1.An appellate court should not interfere with the judge’s exercise of discretion except, in limited circumstances. The appellate court could only interfere if it is satisfied that in exercising his or her judicial discretion, the trial judge erred in principle either by failing to take into account or giving too little or too much weight to relevant factors, or by taking into account irrelevant factors; and that, as a result of the error, in principle, the trial judge’s decision exceeded the generous ambit within which reasonable disagreement is possible and may therefore be said to be blatantly wrong. Therefore, the appellate court should not easily substitute its own exercise of discretion for the discretion already exercised by the judge unless the decision of the judge was plainly wrong.
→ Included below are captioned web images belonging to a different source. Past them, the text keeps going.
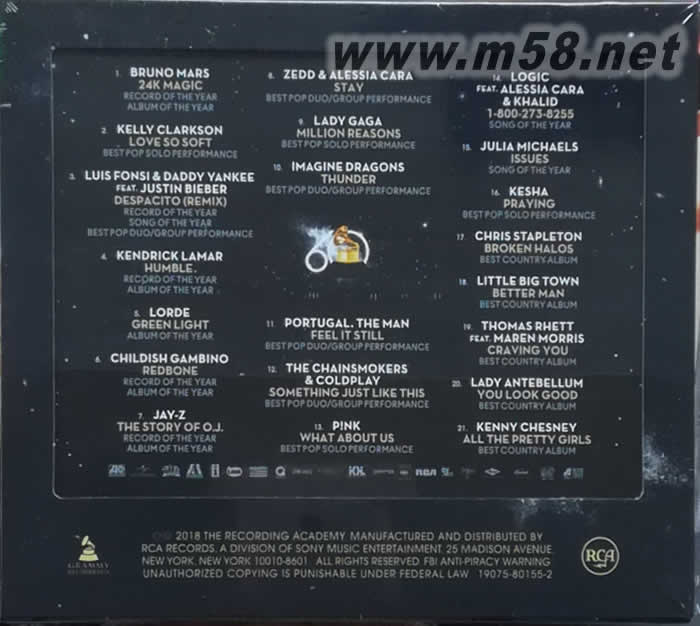 2018 Grammy Nominees 2018年葛萊美的喝彩專輯背面圖片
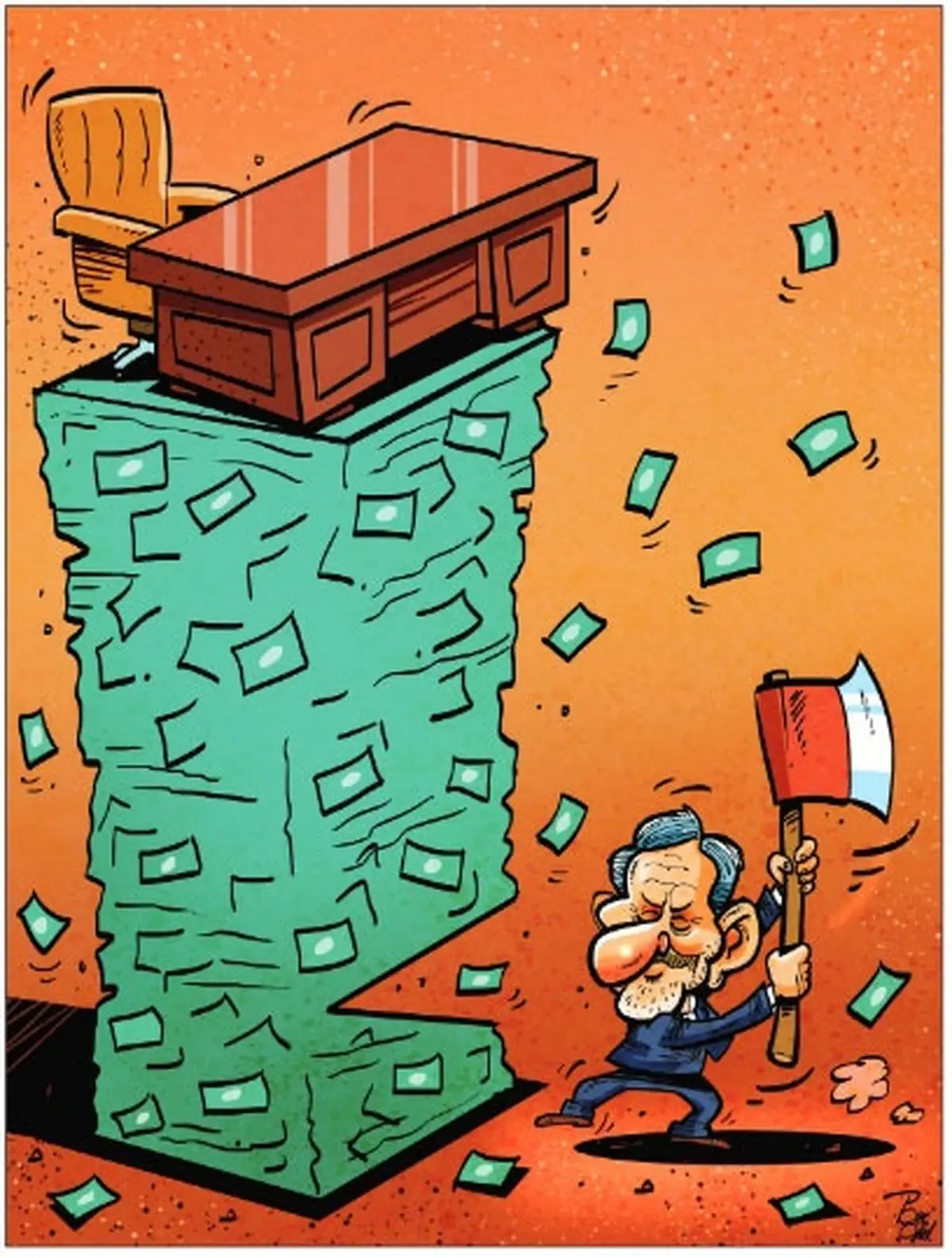 جهانگیری با تبر!/ کاریکاتور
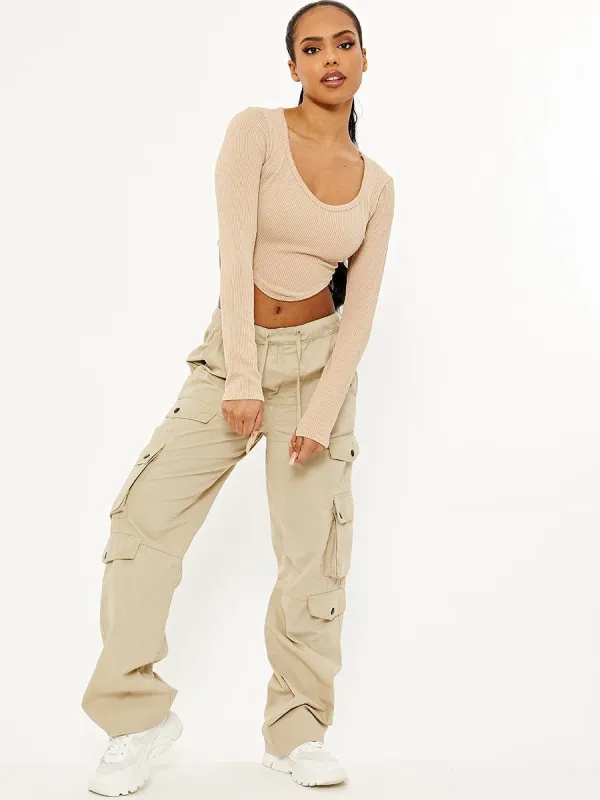 Super Baddie Cargo Pants - Beige sold by Sassyluxe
Dufour and Others v Helenair Corporation Ltd and Others (1996) 52 WIR 188 followed; Novel Blaze Limited (In Liquidation) v Chance Talent Management Limited BVIHCVAP2020/0006 (delivered 16th April 2021, unreported) followed; Ian Hope-Ross v Martin Dinning et al AXAHCVAP2020/0005 (delivered 30th April 2021, unreported) followed; Throne Capable Investment Limited v Agile Star Group Limited [2021] ECSCJ No. 433, (delivered 14th January 2021) followed; Byers and Others v Chen Ningning [2021] UKPC 4 followed; Edy Gay Addari v Enzo Addari [2005] ECSCJ No. 125, (delivered 27th June 2005) followed; Charles Osenton & Co v Johnston [1941] 2 ALL ER 245 followed; Piglowska v Piglowski [1999] 1 WLR 1360 followed.
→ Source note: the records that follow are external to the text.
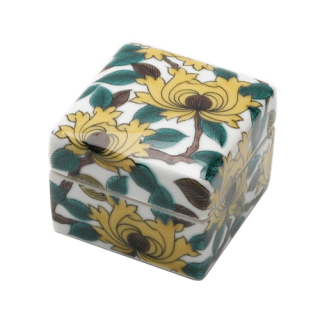 陶箱 色絵牡丹文 5cm（黄）青郊窯 M.STYLE 磁器 九谷焼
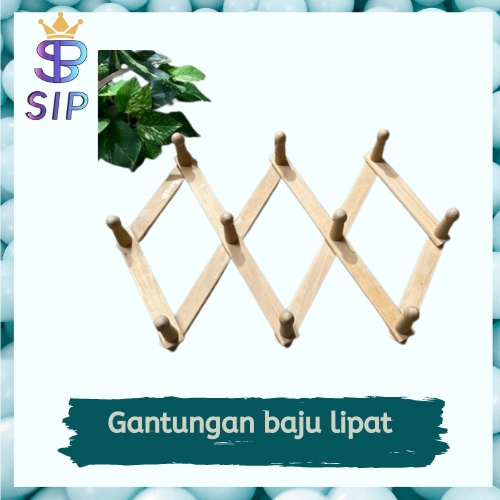 Gantungan baju lipat / Gantungan baju kayu harmonika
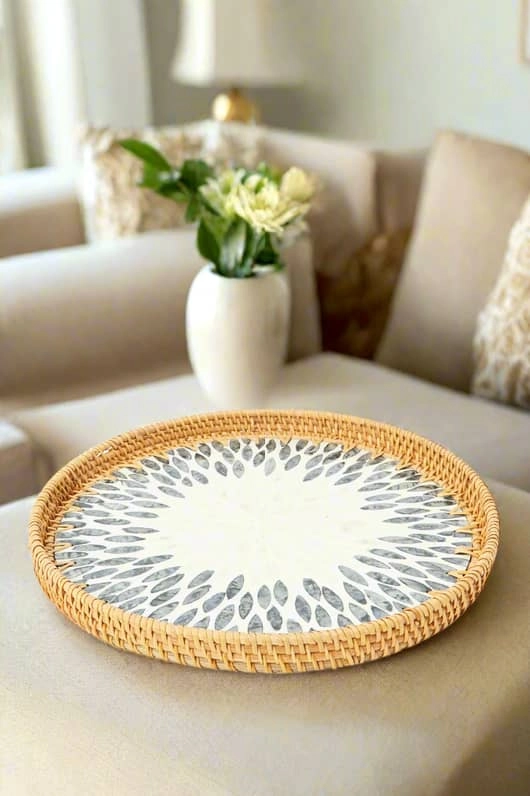 میز عسلی راتان وسط صدف وارداتی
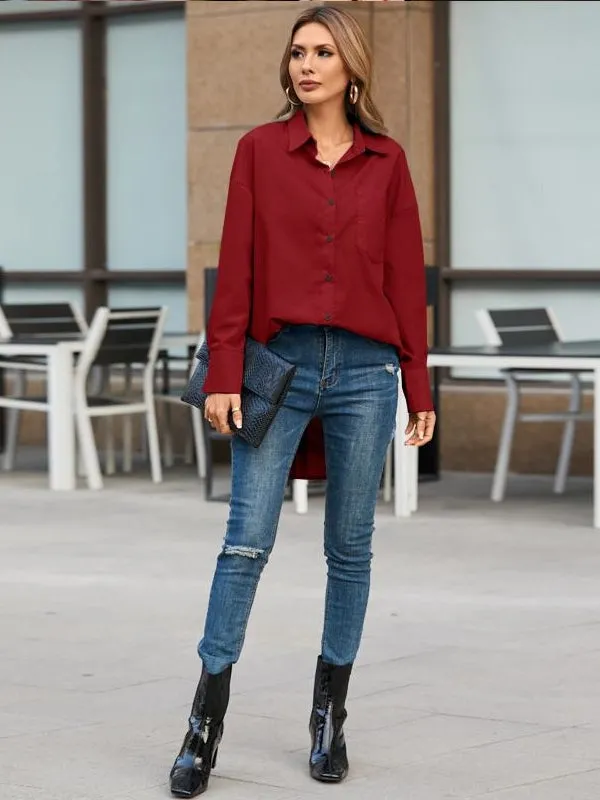 Casual Blouses Ladies Long Sleeve White Tops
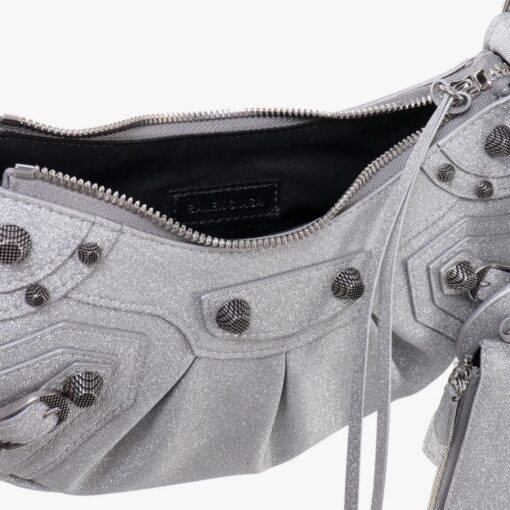 BALENCIAGA Sparkling Fabric Le Cagole Shoulder Bag Silver. - Image 2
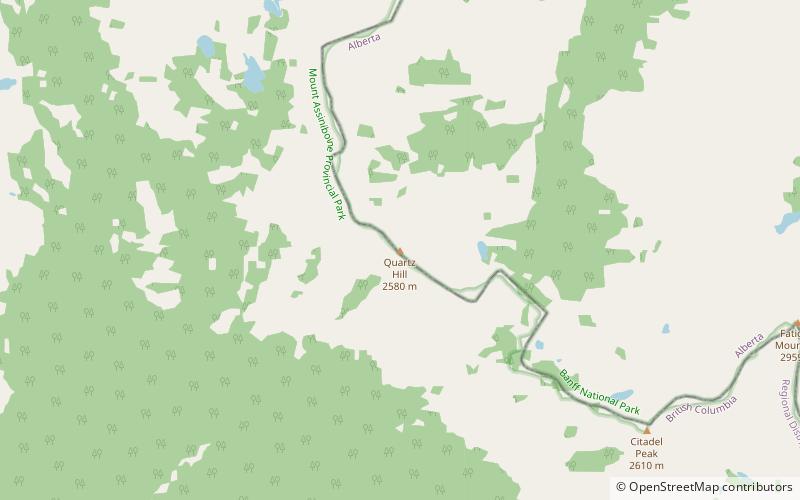 quartz hill parc national de banff location map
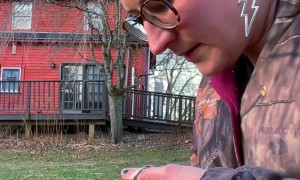 Woman Frees Bird Tangled Up in Netting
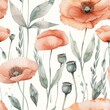 Elegant Watercolor Poppies and Foliage Seamless Pattern Design
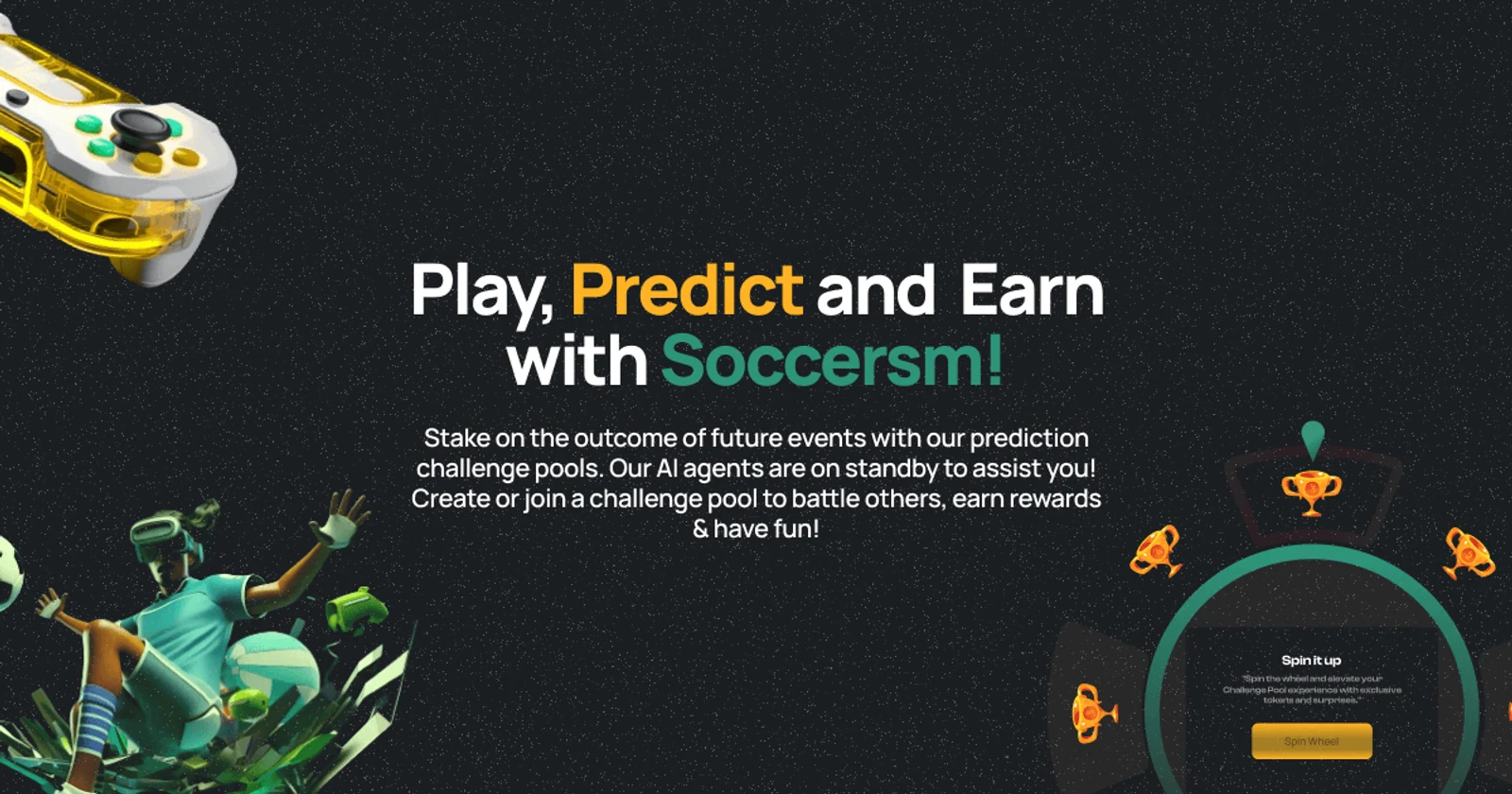 Soccersm key art: play, predict and earn with prediction challenge pools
2.There is no principle that requires a judge to discuss every point or all of the evidence in depth, failing which the decision would be impugned. This does not provide any basis for an appellate court to interfere with the judge’s findings of fact nor the evaluation of these facts and inferences drawn from them. Neither is there any duty on a judge to address every argument presented by counsel. However, it is important that the judge should have considered all of the evidence. English v Emery Reimbold & Strick Ltd; DJ & C Withers (Farms) Ltd v Ambic Equipment Ltd; Verrechia (trading as Freightmaster Commercials) v Commissioner of Police of the Metropolis [2002] EWCA Civ 605 followed; Eagil Trust Co Ltd v Pigott-Brown and another [1985] 3 All ER 119 followed; Sohal v Suri and another [2012] EWCA Civ 1064 followed.
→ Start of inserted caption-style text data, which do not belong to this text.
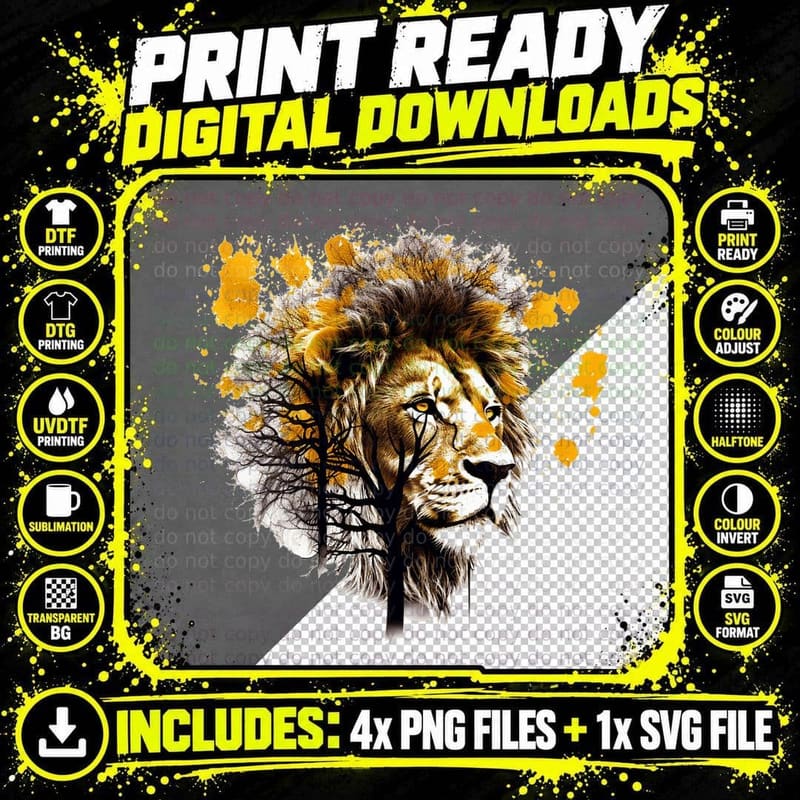 Lion Artwork Tree Colourful Animal Motif Lion T-Shirt Png SVG Digital Bundle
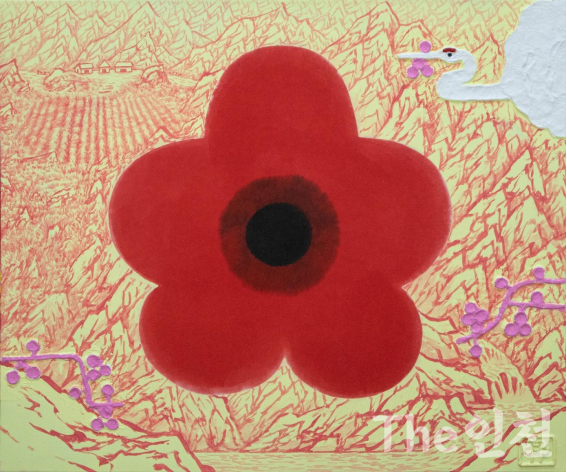김병종-화홍산수 캔버스 위에 혼합재료  72.7x60.6cm, 20호  2023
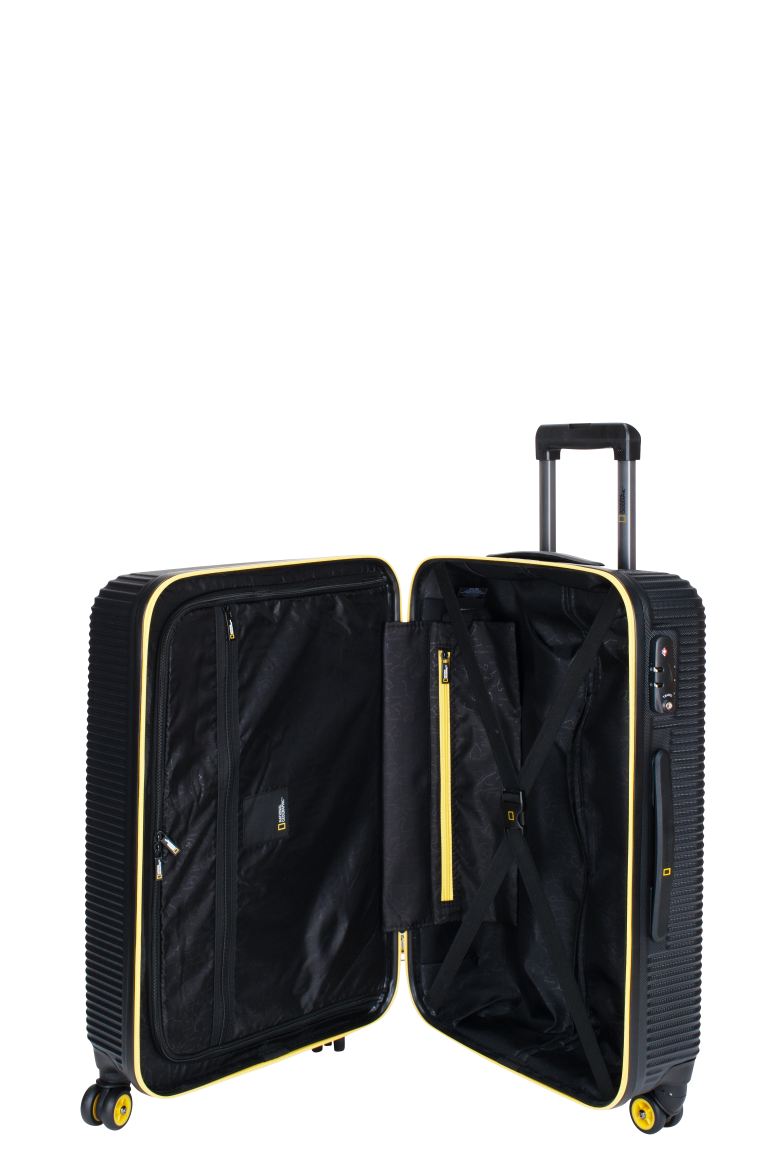 National Geographic - Abroad Hartschalenkoffer / Trolley / Reisekoffer - 67 cm - (Medium) - Schwarz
3.It is not open to the appellate court to overturn a trial judge’s exercise of discretion on the basis of the judge’s findings and evaluations of facts, simply because it would have found them differently. Unless the judge’s findings of facts, evaluation and inferences drawn were perverse, the appellate court is prevented from interfering with the evaluation. Cognisance must be paid to the fact that the weight placed on evidence is a matter that is exclusively for the trial judge. The judge has been immersed in all aspects of the case and therefore he would be able to better assess the evidence and has advantages which the appellate court does not have. It is not open to the appellate court to go trawling through the evidence in the manner that a first instance judge is required to do in order to make findings of facts. Yates Associates Construction Company Ltd v Blue Sand Investments Limited [2016] ECSCJ No. 63 (delivered 20th April 2016) followed; Flat Point Development Limited v Mary Dooley [2019] ECSCJ No. 116 (delivered 13th March 2019) followed; Shaista Trading Company Limited d.b.a Diamond Republic v First Caribbean International Bank (Barbados) Ltd ANUHCVAP2018/0021 (delivered 26th April 2021, unreported) followed.

4.In this case, applying the principles of appellate restraint in relation to the judge’s findings of fact and exercise of discretion, the learned judge has been hearing related matters between the parties including this one before the Court, for many months and there is no basis upon which it could be said that he plainly failed to take into account evidence or arrived at a conclusion which the evidence could not on any view support. It was clearly open to the judge, in the circumstances, to conclude that there was urgency in hearing the Adjournment Application. Further, in all of the circumstances the learned judge was justified, in exercising his case management powers, in refusing Showa’s Adjournment Application. As for Showa’s challenge to the time given by the learned judge to file and serve any evidence in response to the Removal Application, on the basis that it was not given ample or reasonable time to adduce the evidence required, this too is without merit and wholly unreasonable. Accordingly, there is no discernible error committed by the judge which could justify appellate interference with his findings and evaluation of facts or the exercise of his discretion in making the Adjournment Order.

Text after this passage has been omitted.